On monetization, we are going to take a fresh perspective. It’s advertising driven, and we’re going to be experimenting with different formats in addition to the traditional pre-roll and mid-roll. We want to have this live up to the promise of a digital experience where you’re not just confined to 15-second spots. In the coming months, you’ll see us do interesting things on the advertising side.

Will you be selling any of this out of the local stations?

We hope to. Our first priority was to just make sure we have great content and the audience loves the channel, and based on that ramp up the advertising sales. The good thing is we have 28 stations and 17 markets with a very powerful local sales presence. Because some of those shows are coming from local markets like Chicago, Philadelphia and Houston, we already have tie-ins to some of those important markets. Our full expectation is once we get this to a point where it’s scaled and normalized, we’ll tap into our existing network of both advertising and content and make this even better.
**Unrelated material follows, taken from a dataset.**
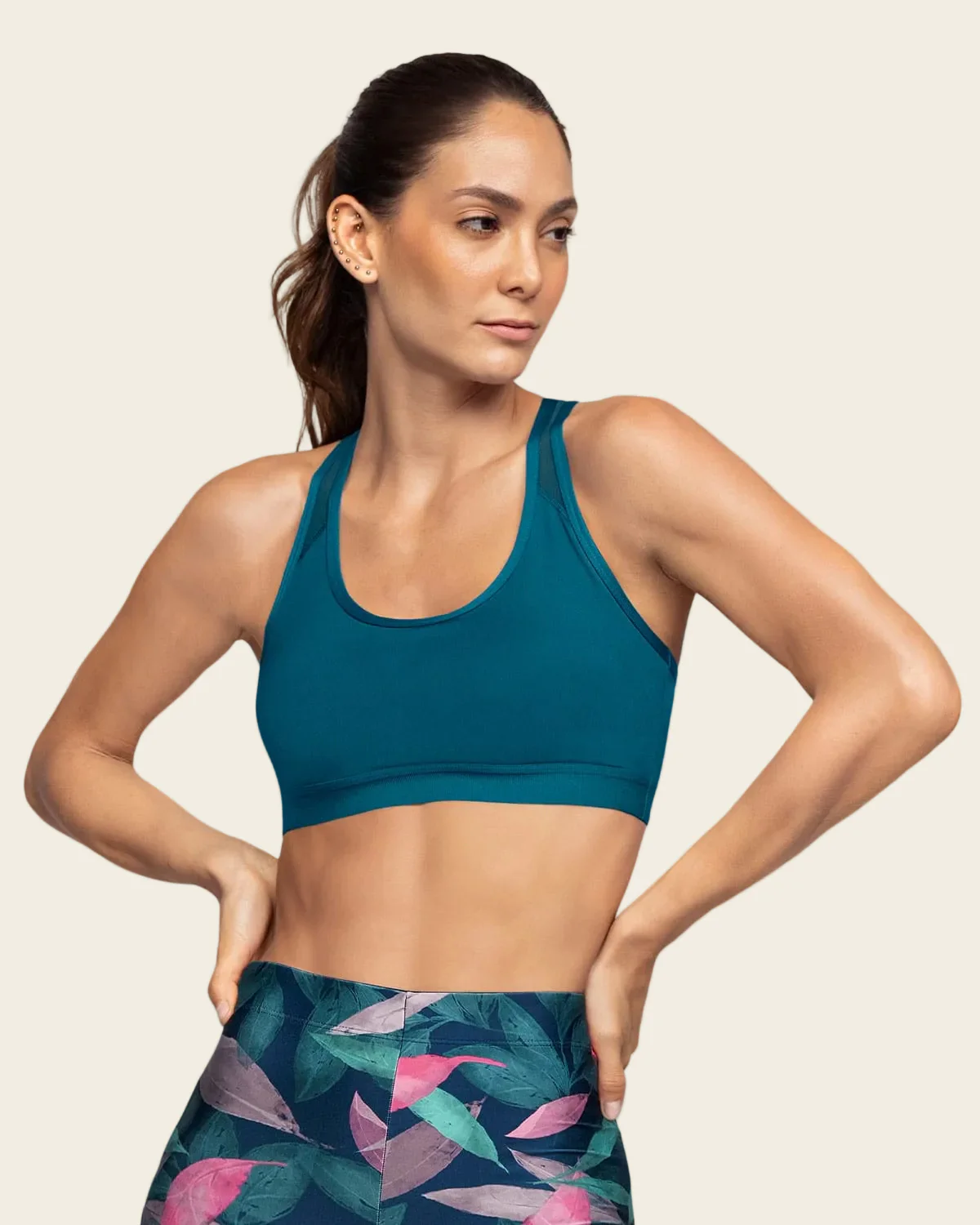 Top deportivo con espalda atlética en material de secado rápido - Image 18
Are you using the O&Os to market this?

We have morning shows in most of our markets that we’re going to leverage. We have a big marketing campaign in Atlanta that kicked off this week. We have a very strong station there, WAGA. We’re going to use every tool in our arsenal that makes sense to get the world out.

You’ve alluded to this being the first step on OTT, so what can we expect next? More of a niche approach? And what about the OTT prospects for your local newscasts?

At this point, we’re not taking anything off the table. We believe strongly in an AVOD, live, interactive niche as a unique differentiator combination today. But we all know we’re living in a period of massive disruption and all major media companies are really experimenting with that combination of content and technology to see what will be valuable to our audiences. We will certainly learn a lot from Fox Soul. We are going to keep our eyes open.